If you understood the article, you'd understand that countries with the highest literacy rates in the world scored 35-45% values in similar metrics. But you didn't want to understand the article, you wanted to be angry. "Buddy".
Are you suggesting that it's okay just because other countries have high rates of illiteracy? Or are you saying that the metric is flawed, and that that obviously means the US doesn't have an illiteracy problem since the research methodology was flawed?
Either way, I hard disagree.
The metric isn't flawed, you just don't understand what the metric is saying, and the "article" is severely misleading about what the study actually found. There is not even a single source that links the results of the study to a "6th grade reading level" - that was entirely made up.
My point was other countries with high rates of LITERACY also scored similar amounts or amounts that were only marginally better, because the test taken was quite high level, and the methodology was flawed, it's a bit of a double whammy.

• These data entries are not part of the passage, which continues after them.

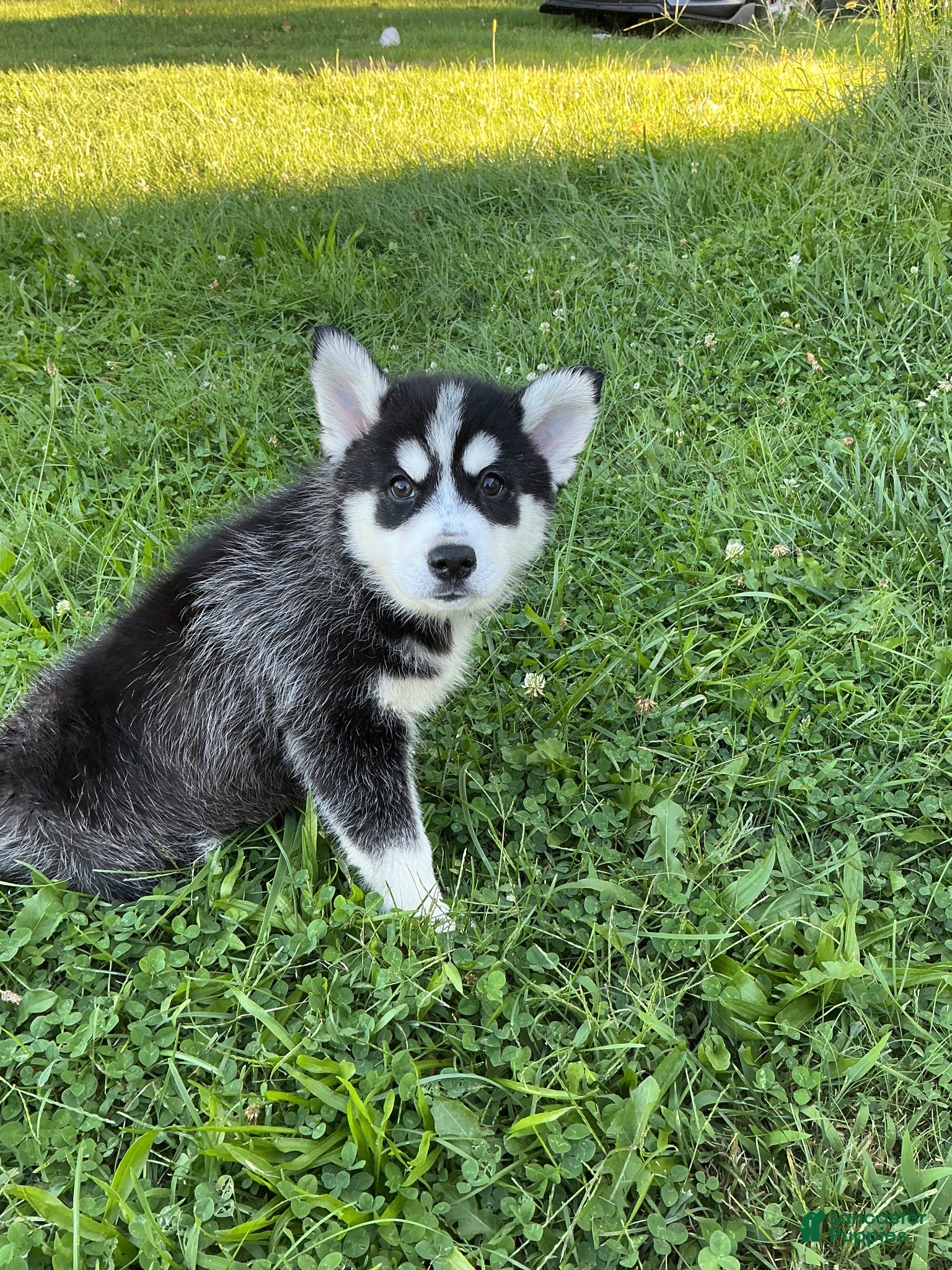 Pomsky dogs Pomsky 3 - Ad 38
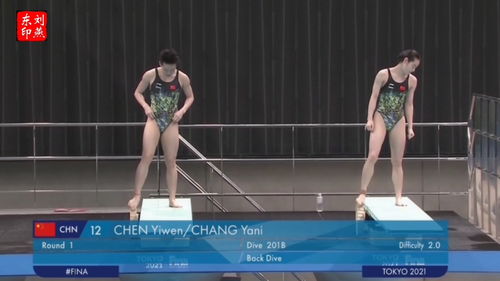 跳水直播技巧,现场直播跳水
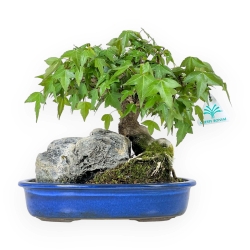 Acer Buergerianum - Acero - 23 cm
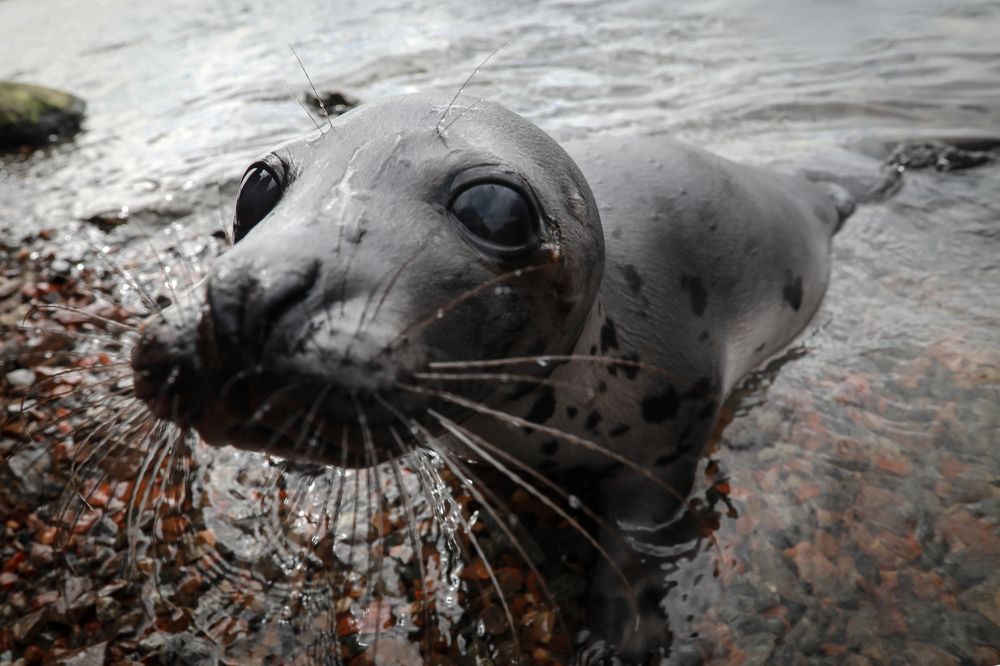 Photograph by Марина Александрова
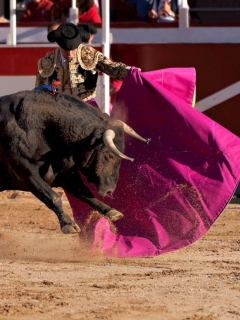Corrida de toros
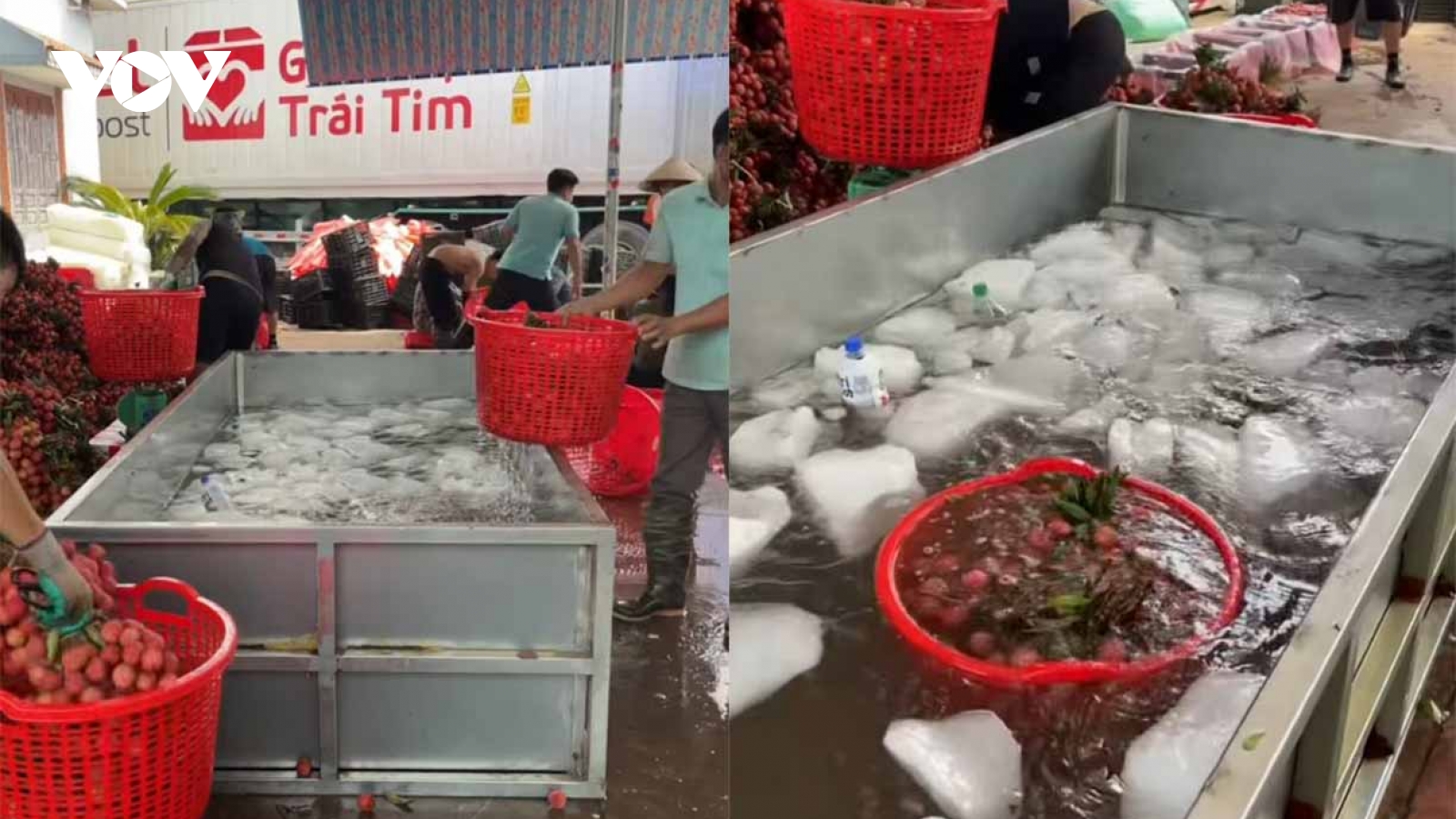 Đăng tải thông sai sự thật về vải thiều Bắc Giang, 2 trường hợp bị xử lý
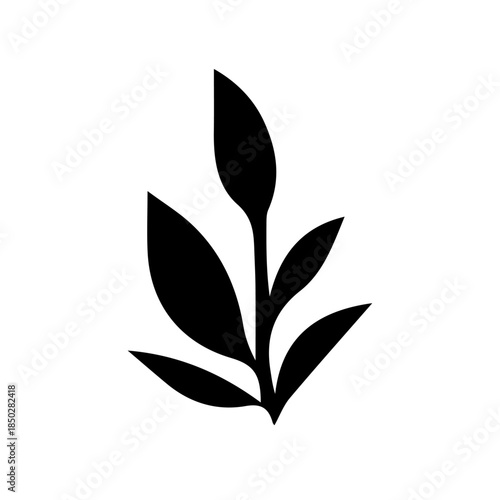 Petunia black and white flower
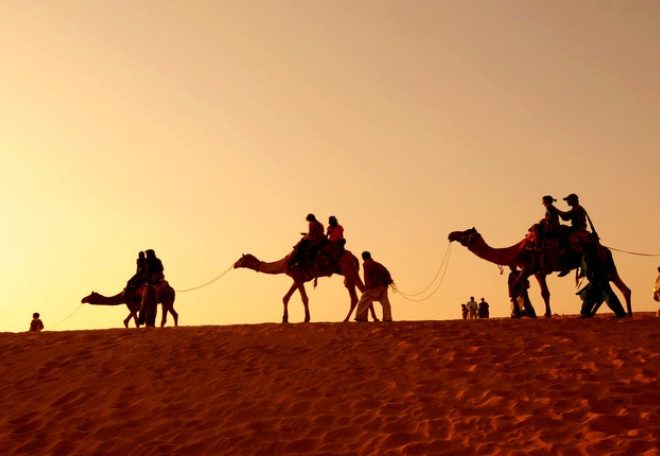 Bikaner – the camel country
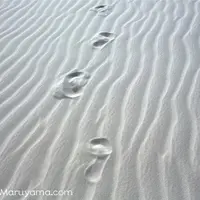 Parque Nacional dos Lençóis Maranhensesの写真・動画_image_57576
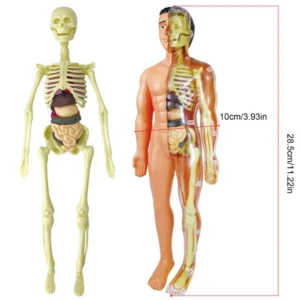 3D-Human-Body-Torso-Model-Educational-Assembly-Learning-DIY-Toys-Human-Body-Organ-Teaching-Tools-Early.jpg_Q90.jpg_ (3)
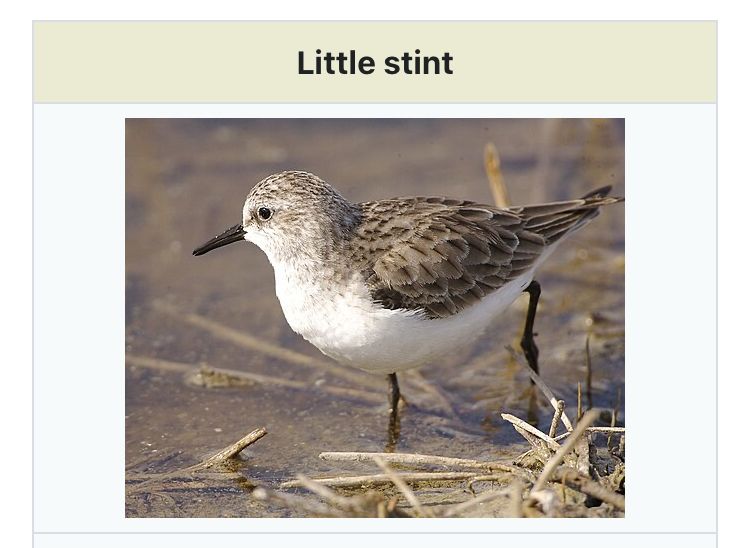 Wikipedia screencap with an image of a little white and gray piper lookin bird and the caption Little stint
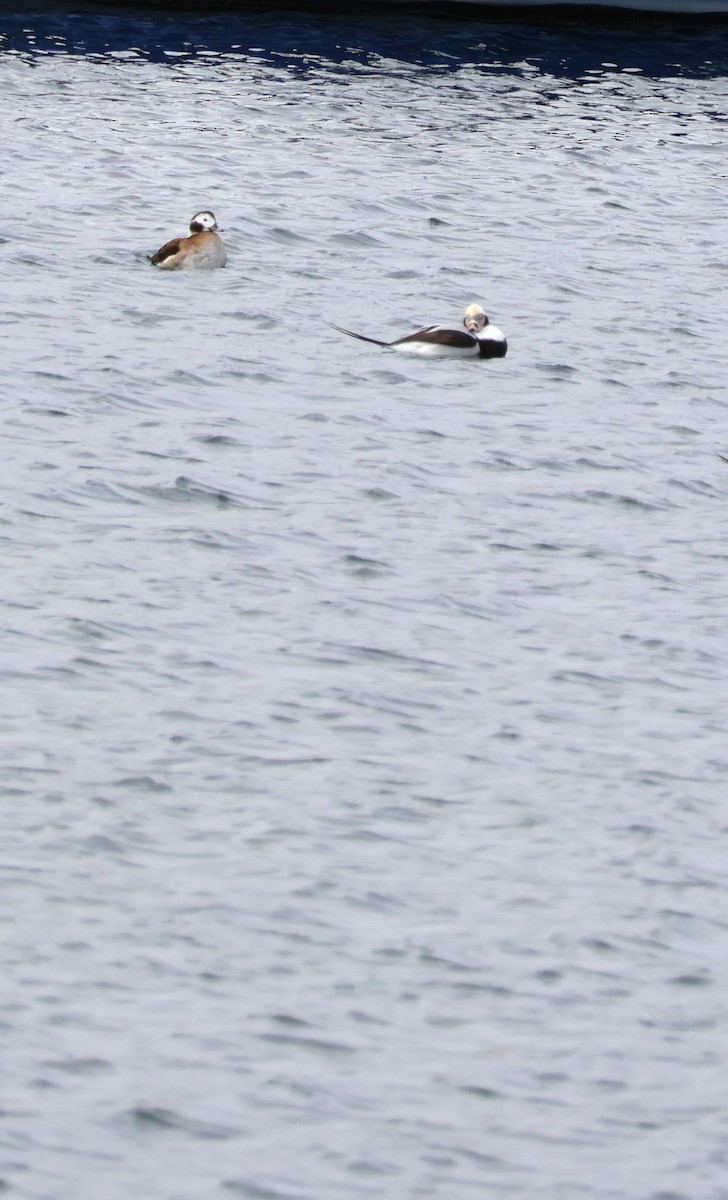 Long-tailed Duck - ML645684692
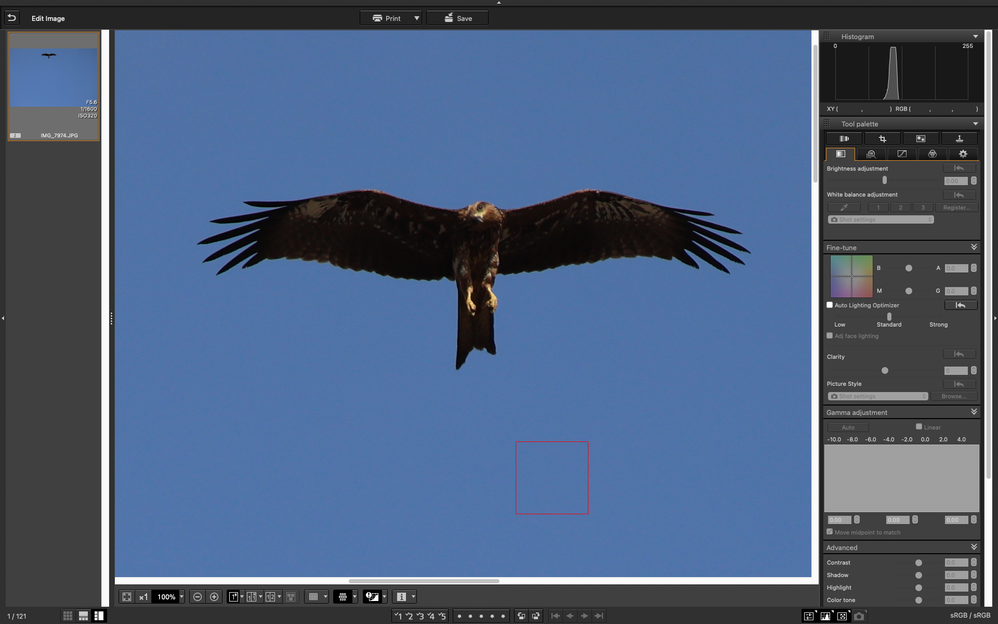 AF box appears elsewhere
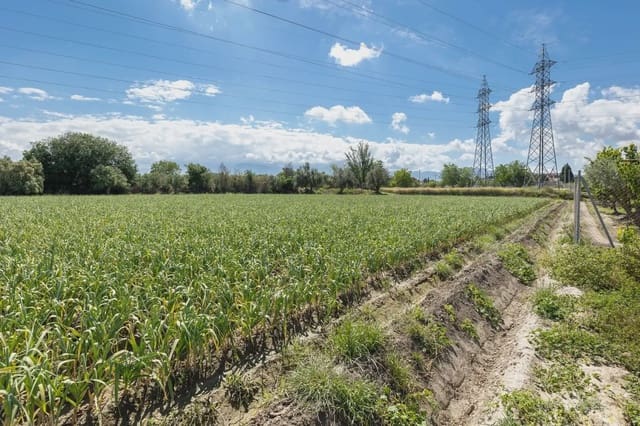 Grunde uden byggetilladelser til salg i Cúllar Vega - € 45.000 (Ref: 9837048)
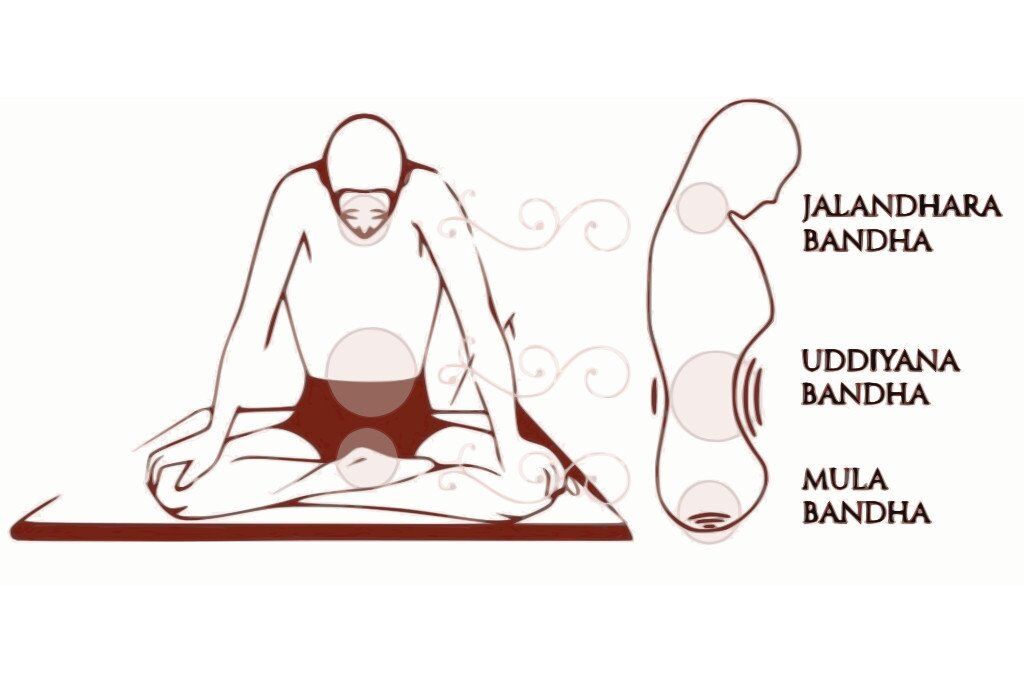 Mula Bandha in Yoga: What It Is and Whether Or Not You Need It |  YogaUOnline | Bandha yoga, Types of yoga, Learn yoga
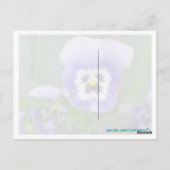  Paars Briefkaart Pansy (Achterkant)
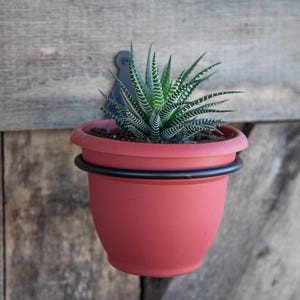 Peut inclure: Un pot de fleurs suspendu en plastique rouge avec un anneau en métal noir, contenant une plante succulente verte à rayures blanches. Le pot est monté sur un mur en bois.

This is genuinely taken out of context because it's perfect outrage clickbait.
The metric isn't flawed
the test taken was quite high level, and the methodology was flawed
Okay, once you get your own argument straight without contradicting yourself then maybe I'll take you seriously?
So is the whole world as illiterate as the US, or is the US as literate as the rest of the world? Because you seem to be saying one or the other and I still can't figure out which...
Sometimes I will read a particularly insightful article from a scientific journal that a lot of sources have been referencing lately, and find that I can't quite follow all the high level technical jargon discussing the topic, and I'll feel just the smallest bit insecure about my level of intelligence.
But then I see posts like this and it all goes away lol
Field-specific jargon is so niche that it should hardly count. Even if you're in the same field, you might not be familiar with the tests and metrics they're using if it's not your area of research anyway.
This is how Trump got elected twice. His ramblings actually make sense to a lot of people
Sometimes it feels like I have to turn on that part of my brain. Like I can just do mindless reading and I can make it through something really fast. Or I can put on my thinking cap and get through something hard and understand it (takes time, re-reading, and sometimes notes).
I'd like to see the difference in my comprehension between the two modes.
I think that's part of it. Everyday living makes people stressed and anxious. I'd like to see how they were tested.
I found the info everyone is quoting: https://nces.ed.gov/surveys/piaac/skillsmap/
If you compare age groups, the 25-34 seem to be keeping the scores up. Looks like the lead in the air was keeping the scores down?